Volvo Construction Equipment reacted quickly to a slowing global market – which was down 11 percent in the year to August – and uncertainties about the strength of demand in 2013 by slowing the rate of production in its factories and reducing the number of machines held in stock at its dealerships. This ‘under absorption’ of costs in the factories put pressure on earnings in the third quarter of 2012, as did increased price competition and a less favorable geographical and product mix, which saw fewer larger machines sold, particularly to the weakened mining sector.
Net sales in the three months July to September decreased 9 percent to $1.988 billion (SEK 13.272 billion). Adjusted for currency movements, net sales were down by 8 percent during the period. Order intake was also affected, with the value of the order book at September 30 being 24 percent lower than on the same date in 2011.
This slowdown of global demand in the third quarter of 2012 also weighed on profitability, with operating income at $97.355 million (SEK 650 million) down from the $215.379 million (SEK 1.438 billion) reported in the same period the year before. This also dented Volvo CE’s operating margin, which at 4.9 percent was below the 9.9 percent achieved in Q3 2011.
“The lower economic activity and the uncertainty about the future are impacting customers’ willingness to invest in new equipment,” said Pat Olney, president of Volvo CE. “As a consequence we have reduced production in our facilities and managed to reduce both our own inventories and those at our dealers.”

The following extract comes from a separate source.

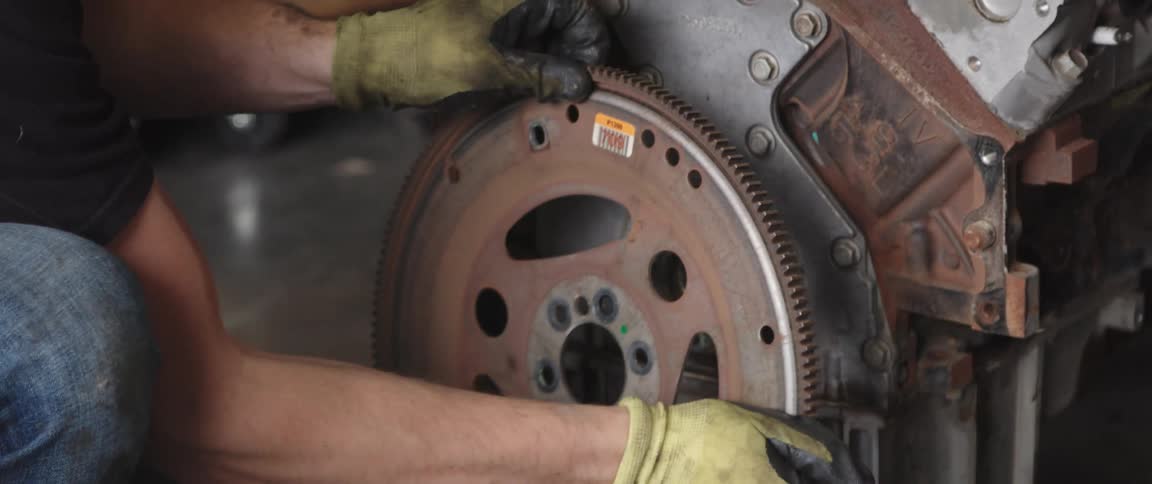 Mechanic with black t shirt jeans and gloves disassembles car engine at the garage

Market conditions for the full year 2012 show few signs of change in the short term. The European market is expected to be down as much as 10 percent (previous estimate: flat), while North America is expected to increase by 15 to 25 percent (unchanged forecast). South America meanwhile is still on course to rise by up to 10 percent and Asia (excluding China) is expected to rise by up to 10 percent. Demand in China itself is projected to fall in 2012 by 25 to 35 percent, down more than the previously forecast 15 to 25 percent drop.